Opened in November 2002, the Museum of the Royal Tombs of Sipán is the pride of northern Peru – as well it should be. With its burgundy pyramid construction rising gently out of the earth, it’s a world-class facility specifically designed to showcase the marvelous finds from Sipán. Photography is not permitted and all bags must be checked.
Visitors are guided through the museum from the top down and are shown some of the numerous discoveries from the tomb in the same order that the archaeologists found them – this small detail alone, rare in the museum world, adds a fascinating context to visits. The first hall contains detailed ceramics representing gods, people, plants, llamas and other animals.

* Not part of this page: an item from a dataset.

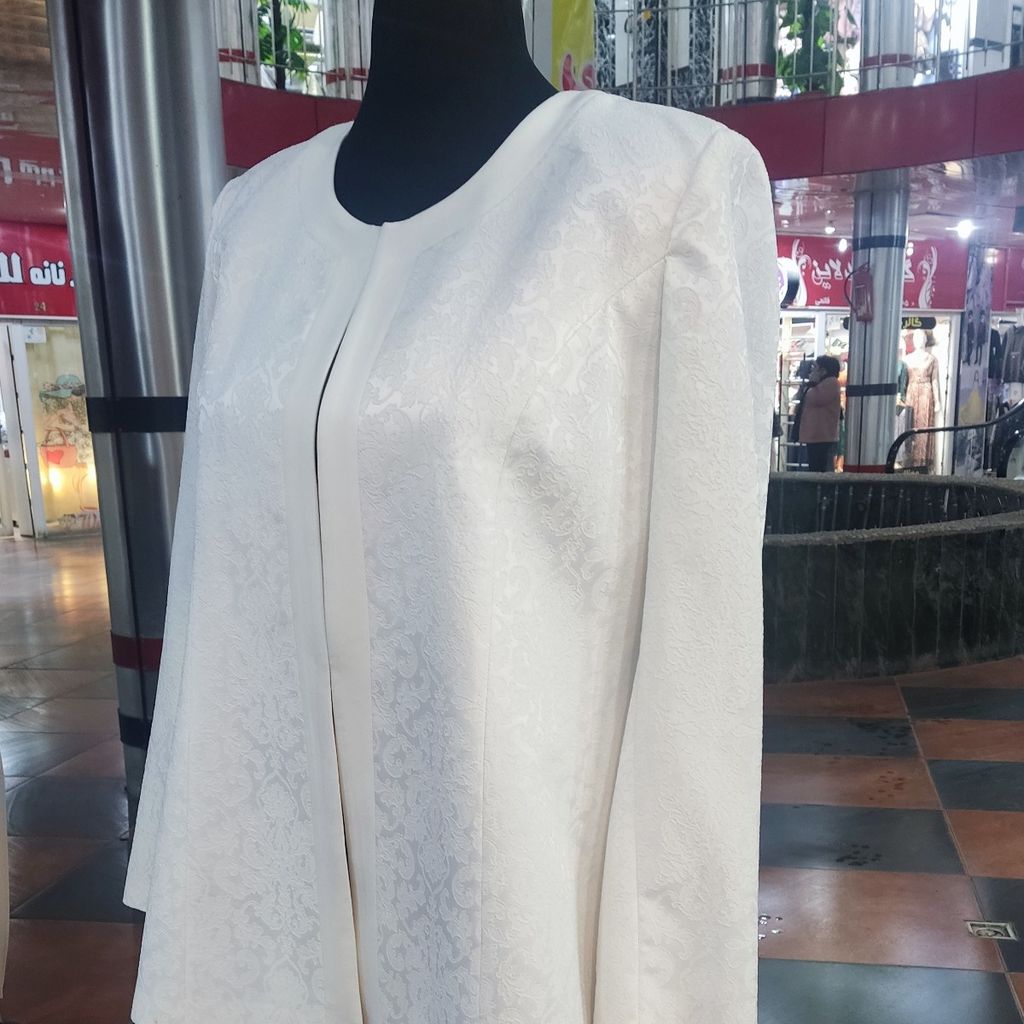 قیمت ارزان کت زنانه مجلسی ژاکارد سفید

On the 2nd floor there are delicate objects such as impossibly fine turquoise-and-gold ear ornaments showing ducks, deer and the Lord of Sipán himself. The painstaking and advanced techniques necessary to create this jewelry place them among the most beautiful and important objects of pre-Columbian America.
Finally the ground floor features exact reproductions of the tombs as they were found. Numerous dazzling objects are displayed, the most remarkable of which are the gold pectoral plates representing sea creatures such as octopus and crabs. Even the sandals of the Lord of Sipán were made of precious metals, as he was carried everywhere and never had to walk. Interestingly, since nobility were seen as part-animal gods, they used the nariguera (a distinctive nose shield) to conceal their very human teeth – and the fact that they were no different from everyone else.
As interesting as the artifacts on display are the exhibits on this remarkable archaeological find was excavated.
The lighting and layout is exceptional (though it takes a minute to get used to the dark interior lighting). The signage is all in Spanish, but English-speaking guides are available for S45 to S60 per group.